Pop Goes the Culture
(7 of 8)
Each foreign transformation of American pop can be a small anthropological revelation. In New Delhi, the imitation McDonald's sell muttonburgers, while at Free Time, a Paris chain, the big beef pattie comes on baguette-shaped buns -- le longburger. A 15-year-old Indian schoolgirl had a hit record called Disco Diwane (Disco Junkies). One time, an adaptation of American pop returned to the U.S. and popped over the top: among the Beatles' raw material was the music of the Everly Brothers, Bill Haley and Elvis Presley, but the band's worldwide influence was greater than any of their antecedents. Today American pop-culture imagery is being recycled more obliquely by Italy's Memphis group of furniture designers and by French painters mimicking the East Village fashion for graffiti art.
That kind of tutti-frutti exchange is invigorating. Now, however, pop has started feeding off itself in remarkable new ways. Sometimes the self- references are just lazy or parochial.
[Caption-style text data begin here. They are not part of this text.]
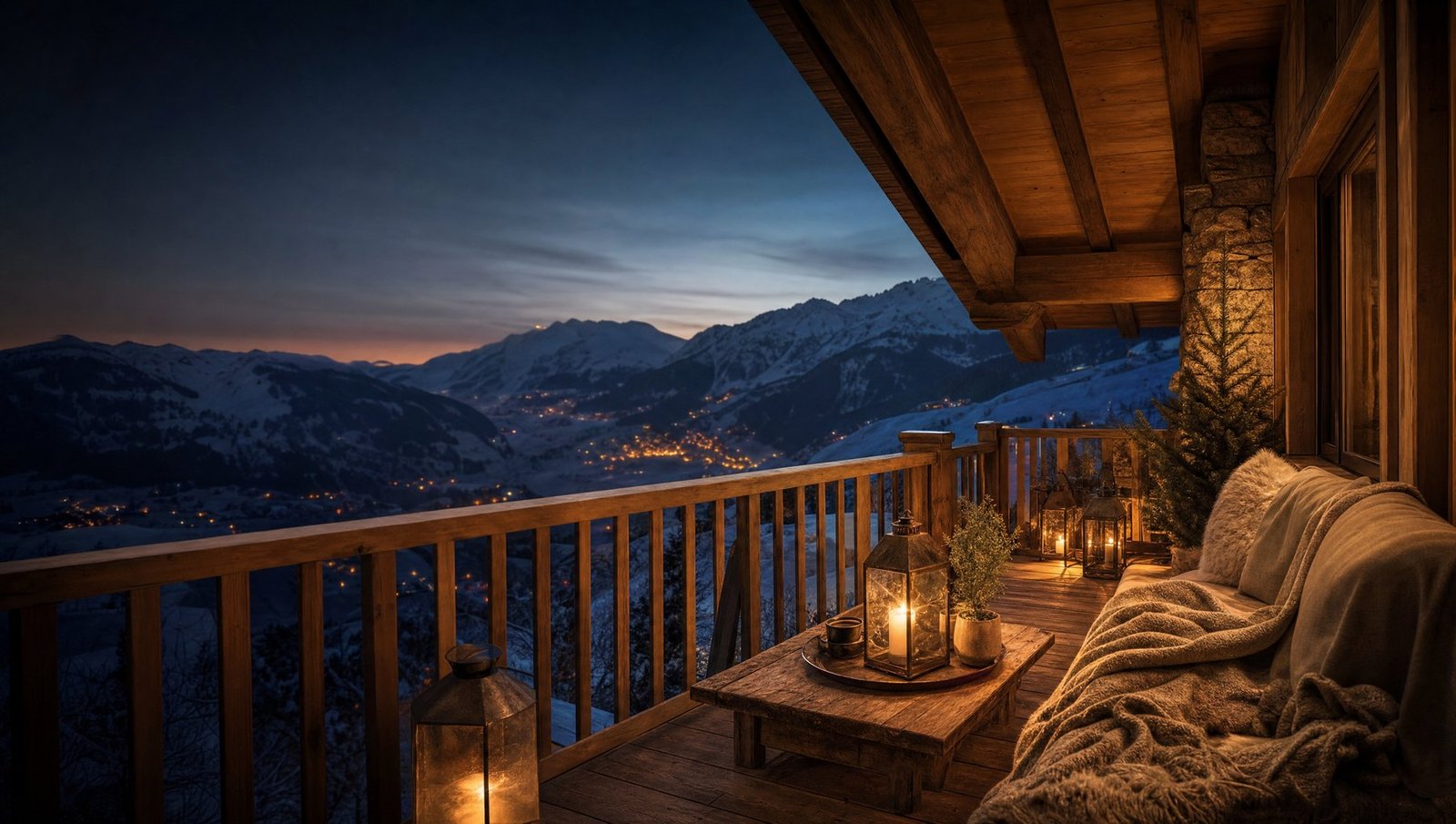 Terrasse de chalet au crépuscule, lanternes allumées et vallée éclairée en contrebas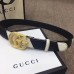 Gucci Width 3cm Diagonal Leather Belt Black/White with Textured Double G Buckle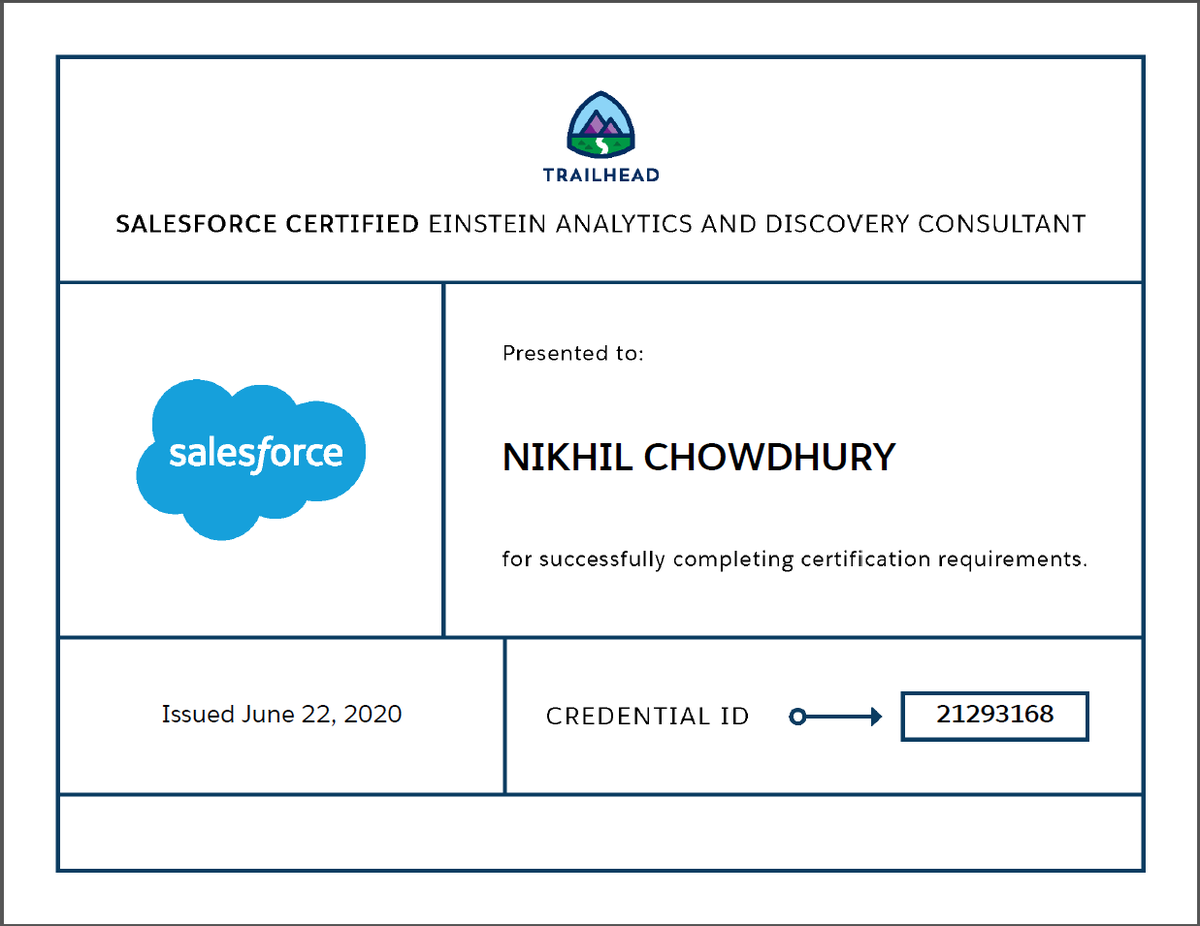 nikhil_trekker's tweet image. 8th One down..one more to my #CertificationList ..Utilizing #Lockdown to the max.. helps a lot to keep your learning skills high.
#SalesforceOhana
#SalesforceCertifications
@SalesforceDevs @trailhead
On situation comedies, characters make jokes about other situation comedies. In Stephen King's fiction, a character in a quandary "thought of a cartoon character with an anvil suspended over its head," and a forest "seemed alive with hokey B-movie jungle drums." Then there are the stranger entertainments about entertainment, from the small army of Elvis impersonators to the TV game show Puttin' On the Hits, on which ordinary folks lip-sync pop songs. With Entertainment To-
night, pop becomes almost overpoweringly hermetic -- a nightly TV news show that reports personnel changes on TV game shows as major stories.
The '80s are a pop decade, no question, a reclining era of good tans, big parties, beach reading, girl-group music. The stars are bigger than they have been in a long time, selling more billions of dollars worth of records and movie tickets than ever before. Celebrities are more numerous, but their fame is briefer: the half-life even of putative superstardom can be as short as a year. Fads are announced, exploited and abandoned even before Good Morning America can cover them. Philanthropy has turned into a series of prefab, single-issue Woodstocks (Live Aid, Farm Aid, Hands Across America), and the U.S. has twice elected to the presidency a marvelous pop creature who goads Congress with movie dialogue ("Go ahead; make my day!") and calls military uniforms "Pentagon wardrobe." The original make-my-day movie actor has been elected mayor of a town in California, while character actors from ultra-schlock TV shows (Love Boat, The Dukes of Hazzard) run for the House of Representatives (Iowa, Georgia).